Remember that (with respect to this formula):

  • $0! = 1$
  • $f^{(0)}(a)$ means the same thing as $f(a)$ (i.e. zero derivatives), and
  • $f^{(1)}(a)$ means the same thing as $f'(a)$, the first derivative of $f$ at $a$.

Nth-Order Taylor Polynomial of $f(x)$ at $x=a$

The polynomial $P_N$ is called the Nth-order Taylor polynomial of $f(x)$ at $x=a$.

Also, notice that it's called the Nth-"order" Taylor polynomial, not the Nth-"degree" Taylor polynomial.
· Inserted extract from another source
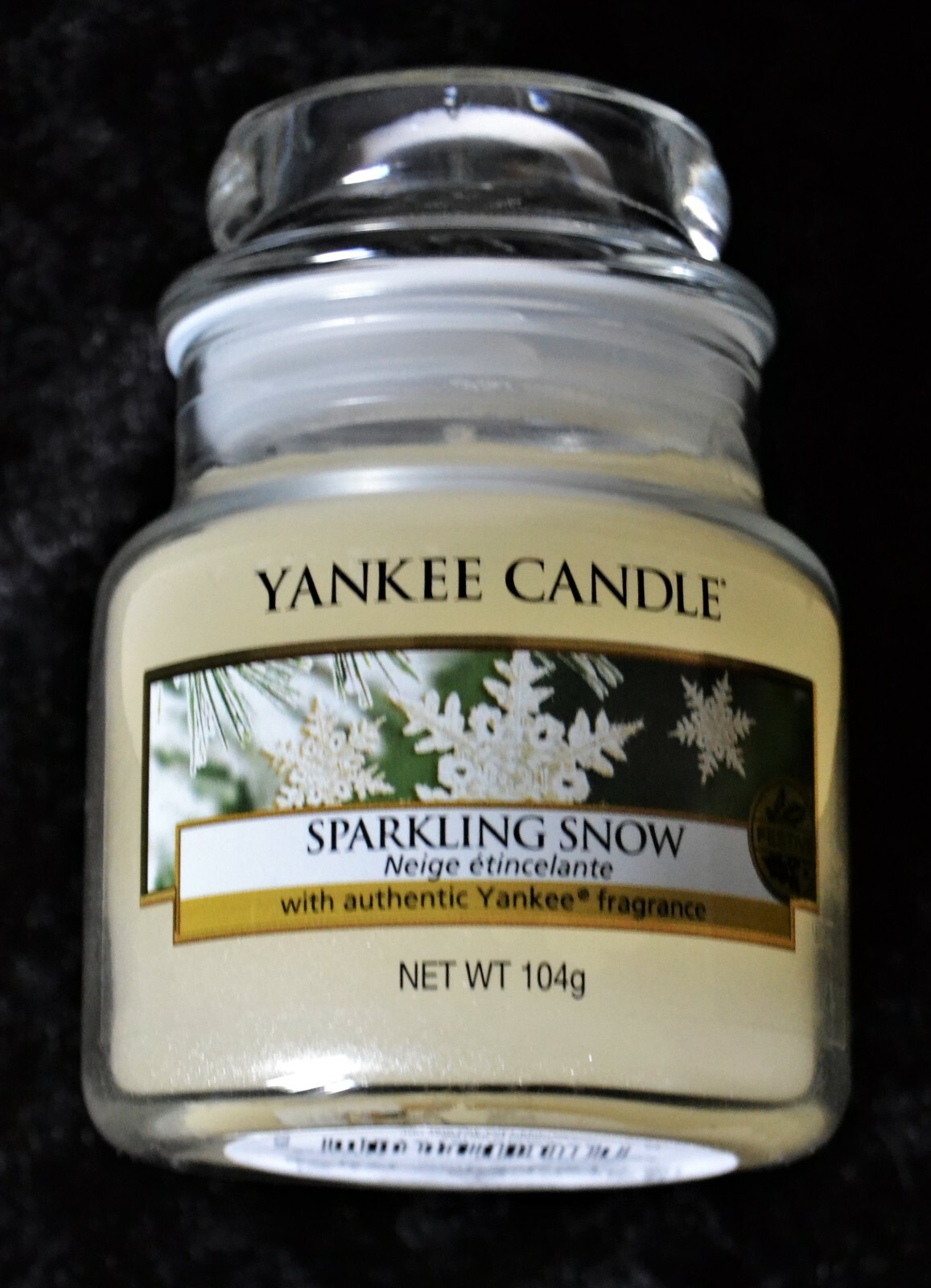Yankee Candle SPARKLING SNOW, 104g, Rare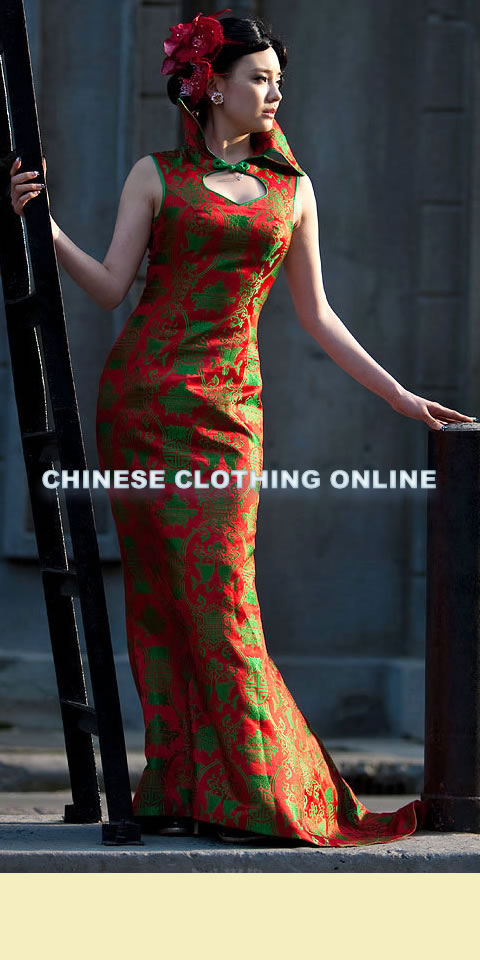 Sleeveless Long Cheongsam (CM)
That is becuase the degree of $P_N$ could be less than $N$; for instance, if the term $f^{(n)}(a)$ = 0, then the final term in the sum $P_N$ would disappear (i.e. be equal to zero), and the degree of $P_N$ would be at most $N-1$.

Most Important Property

The most important property of the Taylor polynomial is that: $P_N^{(n)}(a) = f^{(n)}(a)$ for all $n = 0, 1, ..., N$.

Meaning, the values of all the derivatives of $P_N$ and $f$ match when $x=a$, up to and including the Nth derivative.

But, all higher derivatives of $P_N$ must be zero everywhere.

The function $P_N$ is the distillation of all the information about $f$ which comes from its derivatives up to order $N$ at $x=a$.

These are my notes & observations from "[The Calculus Lifesaver](http://press.princeton.edu/video/banner/)," by Adrian Banner.


Example

Try this out with $f(x) = e^x$:

By the Taylor Approximation Theorem, with $N=3$ and $a=0$:

$$P_3(x) = f(0) + f'(0)(x)+\frac{f{(2)}(0)}{2!}(x^2) + \frac{f^{(3)}}{3!}(x^3)$$

Since all the derivatives of $f(x) = e^x$ (wrt $x$) are just $e^x$, $f(0), f'(0), f''(0), \text{ and } f^{(3)}(0)$ are all $e^0$. Also, $2! = 2$ and $3! = 6$, so you're left with:

$$P_3(x) = 1 + x + \left( \frac{1}{2} \right)x^2 + \left( \frac{1}{6} \right) x^3$$

In [8]:
import sympy as sp
from sympy.mpmath import exp

%matplotlib inline

# Customize figure size
plt.rcParams['figure.figsize'] = 25, 15
#plt.rcParams['lines.linewidth'] = 1
#plt.rcParams['lines.color'] = 'g'
#plt.rcParams['font.family'] = 'monospace'
plt.rcParams['font.size'] = '16.0'
plt.rcParams['font.monospace'] = 'Anonymous Pro, serif'
plt.rcParams['text.hinting'] = 'either'

f = lambda x: exp(x)

p = lambda x: 1 + x + (1/2)*(x**2)+ (1/6)*(x**3)

sp.mpmath.plot([f, p], xlim=[-5,5], ylim=[-5,15], points=500)